Smitten by Terpsichore, he had to sneak out of the house to take dance classes. "My parents wanted me to be a good Cuban son, a doctor, a lawyer," he says. "When I got out of high school I said, 'Okay, I'm not doing this, I'm gonna be an artist, I'm gonna dance."
Vilaro trained at the Alvin Ailey and Martha Graham schools; he became a principal dancer with New York's Ballet Hispanico. But lack of opportunities to choreograph led him to Chicago. "The city had such a vibrant Latino community, devoid of a strong dance presence," he says.
Luna Negra kicked off its first season in '99. People sometimes expect tangos or cha chas, but Vilaro's angle on Latin dance is different. "When we come to the States we fuse, we change," he says. "I'm not 100% Cuban any more. In Cuba they tell me 'tu no eres cubano.' I'm like damn, who are we in this country? Can we celebrate who we're becoming? Can we still be Latino, but have other ways of showing who we are? How do I move my community from the red skirts and castanets, salsa and cheap cliché stereotypes? There's Latino texture within our work, but I want to say we're more than that. We can be avant garde without losing our Latino-ism."
Mexico-born choreographer José Limón, who left Sinaloa during the Mexican Revolution and became a major New York choreographer during the heyday of modern dance, is Vilaro's direct artistic ancestor. And first up on Thursday night's program is "There Is a Time," a reconstructed Limón work that premiered at Juilliard in 1956. "I want to take this program back to the beginning," Vilaro says.
Against Limón, Vilaro sets up "AviMar," a new work by two young choreographers with roots in Chicago's River North Dance Company, Francisco Aviña and Stephanie Martínez. Like Limón, they've decided against Latin music, Vilaro says. "But they're looking at an idea Latinos have worked with for centuries - the power struggle between man and woman."
Last on the three-dance bill is Vilaro's "Deshár Alhát," set to a Sephardic score. "It's about finding ourselves as Latinos in this Spanish-Jewish music," he says. "It's about opening dialogues."

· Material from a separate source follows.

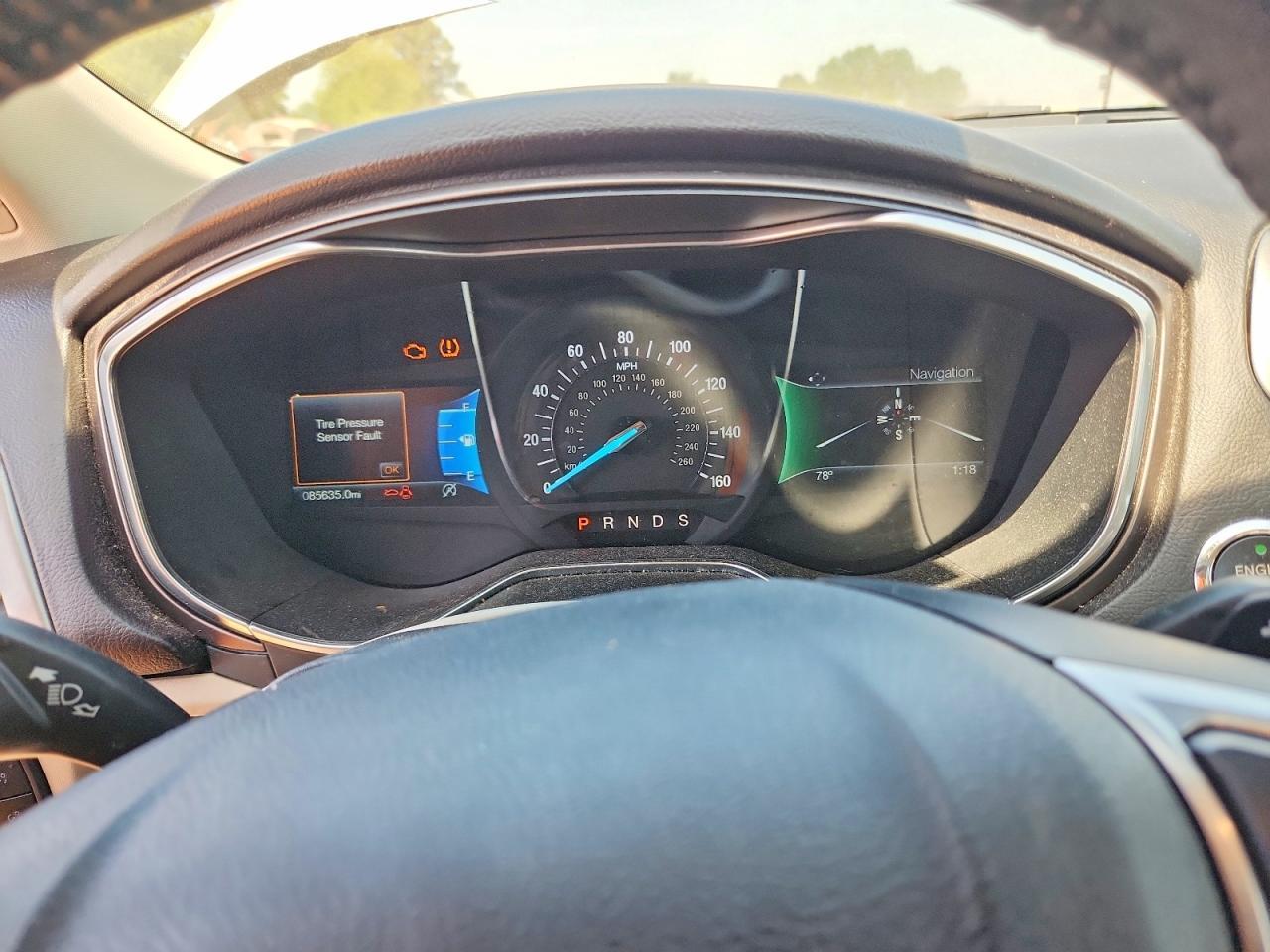 2017 FORD FUSION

Vilaro also aims to open dialogues in the community. Wide-ranging events are slated for a four-day residency surrounding the concert (check out www.overturecenter.com/res-lunanegra.htm). "Community outreach sows seeds," Vilaro says. "Years later people come up to me and say 'I'm a dancer now because you opened me up to a new world.' It's amazing when they tell you that."